Without a doubt, Chuck Wolfe is one of the LGBT community’s most charismatic and powerful leaders. Currently, he is serving as President and CEO of the Gay and Lesbian Victory Fund and Leadership Institute, whose mission is to recruit, train and support openly LGBT candidates, elected officials and appointed leaders. He arrived at the Victory Fund with extensive political experience having worked for former Florida Governor Lawton Childs. Under his leadership, the organization has grown by leaps and bounds. The Victory Fund’s leadership training program for prospective candidates is one of the best in the nation. Under his guidance, dozens of candidates have found their way into the halls of power and are serving their constituents openly and proudly. Chuck_1

Electing Our Own is Real Power
by Chuck Wolfe

I’m not one to pretend that I don’t like politics. It’s always been fashionable to say so, but among politicians that’s often a little white lie. The truly effective political leaders I know have a true passion to serve people, and they actually like politics. For some it is the sport of it, but the rest, I suspect, feel the same way about politics that I do. It is an alternative to violence--a competition not of arms but ideas. Politics is immediate and visceral. It’s human.

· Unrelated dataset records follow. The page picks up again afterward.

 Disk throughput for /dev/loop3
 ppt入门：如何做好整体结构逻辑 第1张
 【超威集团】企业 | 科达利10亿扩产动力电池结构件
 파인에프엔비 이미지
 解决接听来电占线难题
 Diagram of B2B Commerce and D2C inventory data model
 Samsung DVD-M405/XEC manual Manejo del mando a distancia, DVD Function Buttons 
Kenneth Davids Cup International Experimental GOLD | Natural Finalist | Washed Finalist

A lot of gay people follow politics, and a lot of politics these days seems to be about us—from opinions about the Vice President’s forthcoming grandchild to debates over marriage equality and military service. Any right-wing blog discussion of the GOP primary season is rife with references to one or another candidate’s former, current and future positions on LGBT issues. The same is true on the left, particularly about the Democratic candidates’ positions on marriage rights for gays and lesbians.

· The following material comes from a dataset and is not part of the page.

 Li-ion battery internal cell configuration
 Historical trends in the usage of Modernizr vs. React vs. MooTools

But something else is happening with regard to gay politics. Gay people as candidates are winning elections in greater numbers than even before. No longer content to sit on the sidelines and hope that their straight friends do the right thing, openly LGBT men and women across the country are deciding that our voices are clearest and loudest when we have a place at the table of democracy.

I’m reminded of a story that Alabama Rep. Patricia Todd tells. Pat was elected to the state legislature last year in a hard-fought race that made her the first openly gay elected official in Alabama history.

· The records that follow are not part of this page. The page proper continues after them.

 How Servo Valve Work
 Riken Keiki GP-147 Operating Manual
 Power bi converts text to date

A longtime civil rights activist and HIV/AIDS advocate, Patricia was often called on to represent her community in debates over the course of policy in Alabama. Once, along with friends from the statewide LGBT rights group Equality Alabama, Patricia found herself testifying at the state capital in front of a panel considering a bill that would ban any recognition of homosexuality in books or materials bought with tax dollars. This was just another in long string of anti-gay bills and amendments she and her friends had to endure as residents of the state. Exasperated that their testimony was falling on deaf ears, Patricia stopped reading her prepared remarks. She looked at the panel members, many of whom seemed not be paying attention. “Why do you hate gay people?” she asked.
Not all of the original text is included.